### Records provided

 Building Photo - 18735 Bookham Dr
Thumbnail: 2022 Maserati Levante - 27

...

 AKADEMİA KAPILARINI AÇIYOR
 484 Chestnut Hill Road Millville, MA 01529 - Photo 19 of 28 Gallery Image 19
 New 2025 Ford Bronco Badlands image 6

### Task instructions
Only the lines above from the line containing "Building Photo - 18735 Bookham Dr" through the line containing "Thumbnail: 2022 Maserati Levante - 27" should be retyped, exactly and with both ends included.

### Task output
 Building Photo - 18735 Bookham Dr
Thumbnail: 2022 Maserati Levante - 27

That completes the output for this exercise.